─── Source information

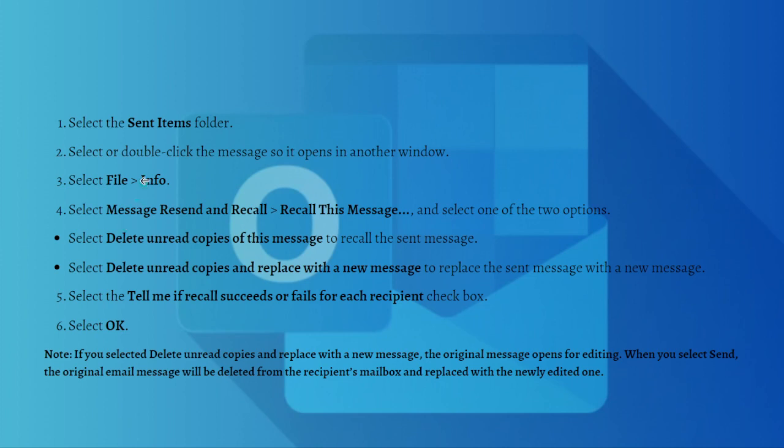Select or double-click the message so it opens in another window. Then select File and go to the Info section. You can select Message Re-send and Recall, and then Recall This Message.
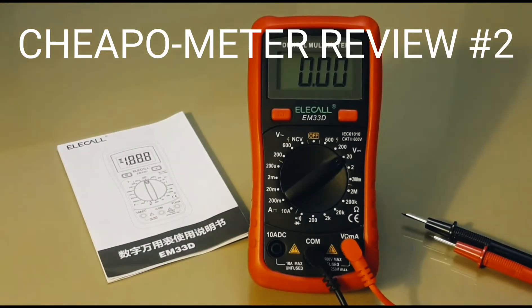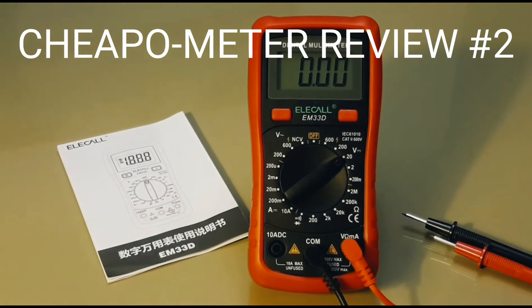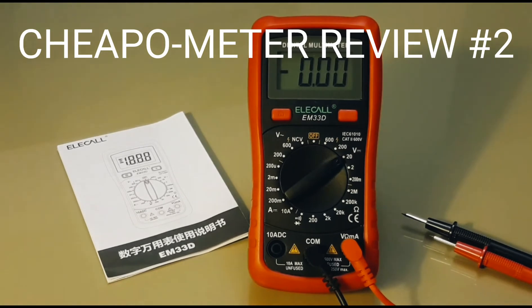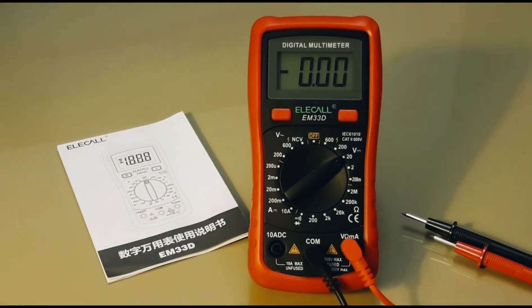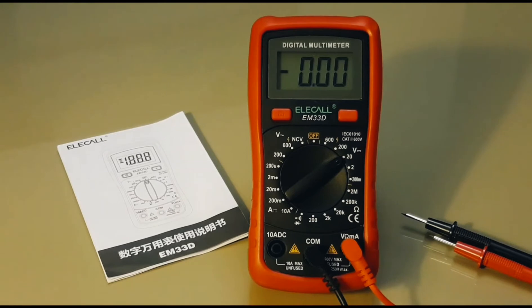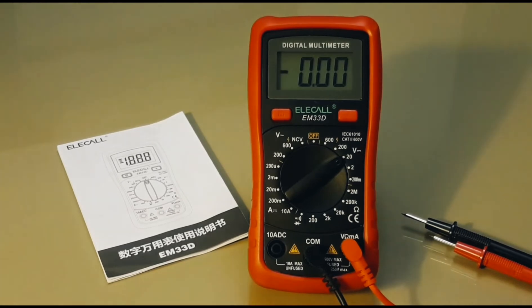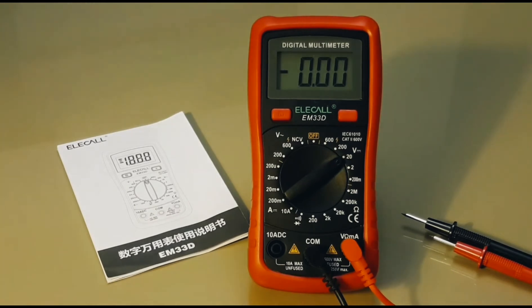Hi everybody, welcome back to another Cheapo meter review. That's right, I've changed the name to Cheapo from Crapo because if a meter is cheap, it's not necessarily going to be crap. So I hope you agree with the name change. This is only the second review with this topic heading, but there will be plenty more. So the Cheapo meter review is underway.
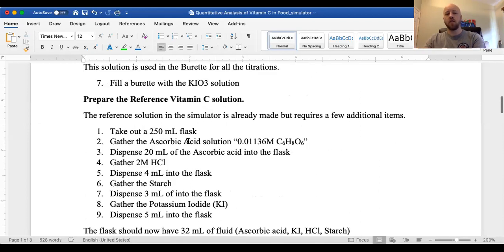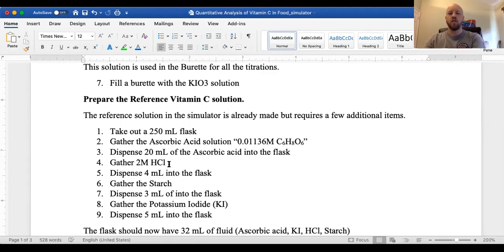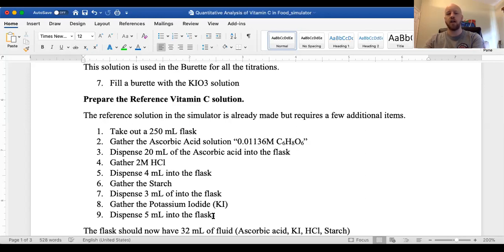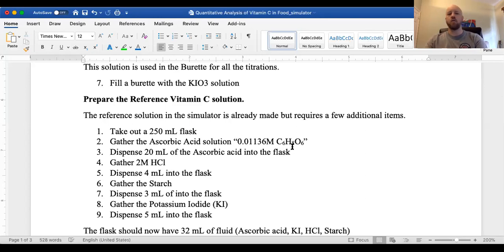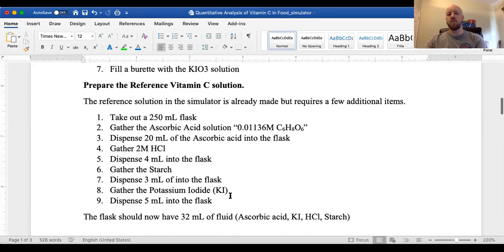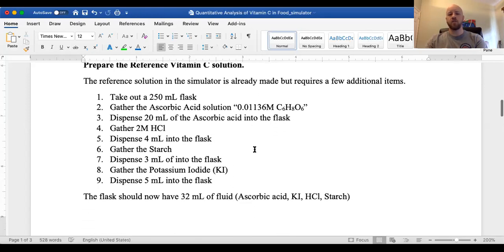In part A, the reference vitamin C, each sample that we're titrating is going to be done the same way. So we have hydrochloric acid that's added, starch is added, and essentially an excess potassium iodide is added to each sample. In part A, the reference ascorbic acid is already made for you. That's kind of where the difference is from the handout. This one already has a molarity for the ascorbic acid, whereas in the handout we were just scooping out ascorbic acid standard. So you have to do some calculation to get to the mass of ascorbic acid.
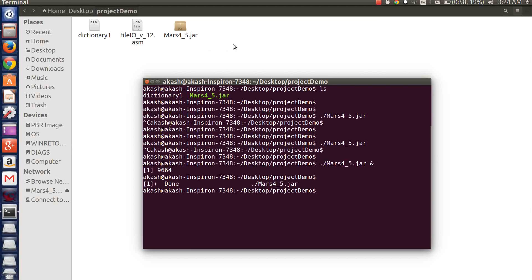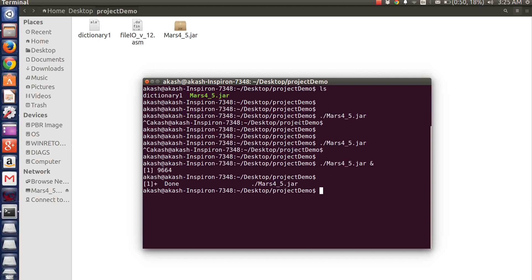This is a demonstration of a hangman game. I have three files in my home folder: the MARS executable, the ASM file with my assembly code, and a dictionary file that contains all the US state names. My program picks a random state from the dictionary and uses that word in the game.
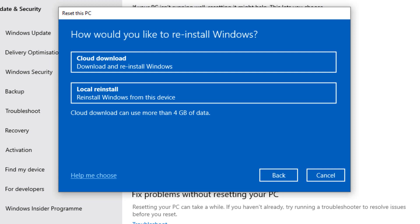Now, after this, you will get these two options: the Cloud download and the Local reinstall. What are the differences between the two? The Windows cloud download was introduced in May 2020 when Microsoft released Windows 2004.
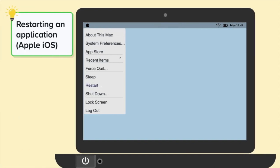On a Mac, click on the Apple icon in the top left of the toolbar and select Force Quit.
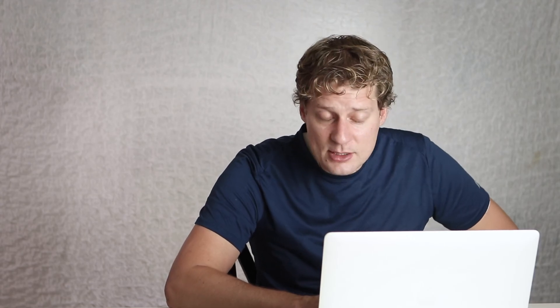The last graph: it looks like a fixed intercept model because the lines will all converge on about the same point. So that concludes our examples of identifying fixed vs. random intercepts — admittedly sometimes hard to tell visually.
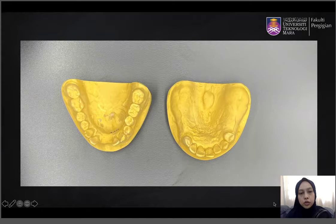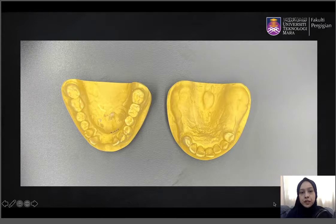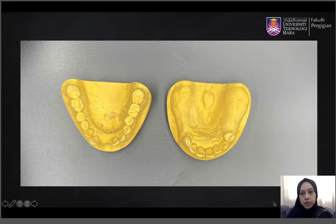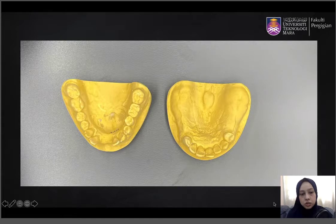First, you have to start by examining the cast that you are going to survey. This is what you have — the maxillary and mandibular cast. Examine the cast from the occlusal view so you can see if there are any particular undercuts or anatomical features that you want to pay attention to.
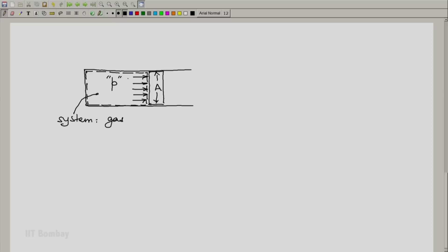And because of this, the force which is acting on the piston in the presence of the fluid is p into a. And let us say that the piston is initially held in place because of an equal and opposite force being applied from the outside. Maybe I am holding it so that it does not fly off. And if I relax myself a bit, the piston will move by a distance dx. That is the displacement of the piston.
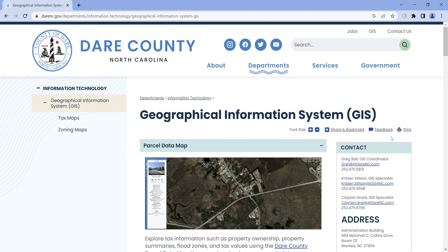Thank you for watching this video. This will actually be the first in a series on these maps and how to use them. Thank you for coming to Scott Team Realty's YouTube channel and we hope to see you on the beach soon.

──────

What you should do ▸ Restate verbatim the lines that begin at the one holding "On a Mac, click" and end at the last line of the material. Exclude pictures.

Exercise solution ▸
On a Mac, click on the Apple icon in the top left of the toolbar and select Force Quit.
The last graph: it looks like a fixed intercept model because the lines will all converge on about the same point. So that concludes our examples of identifying fixed vs. random intercepts — admittedly sometimes hard to tell visually.
First, you have to start by examining the cast that you are going to survey. This is what you have — the maxillary and mandibular cast. Examine the cast from the occlusal view so you can see if there are any particular undercuts or anatomical features that you want to pay attention to.
And because of this, the force which is acting on the piston in the presence of the fluid is p into a. And let us say that the piston is initially held in place because of an equal and opposite force being applied from the outside. Maybe I am holding it so that it does not fly off. And if I relax myself a bit, the piston will move by a distance dx. That is the displacement of the piston.
Thank you for watching this video. This will actually be the first in a series on these maps and how to use them. Thank you for coming to Scott Team Realty's YouTube channel and we hope to see you on the beach soon.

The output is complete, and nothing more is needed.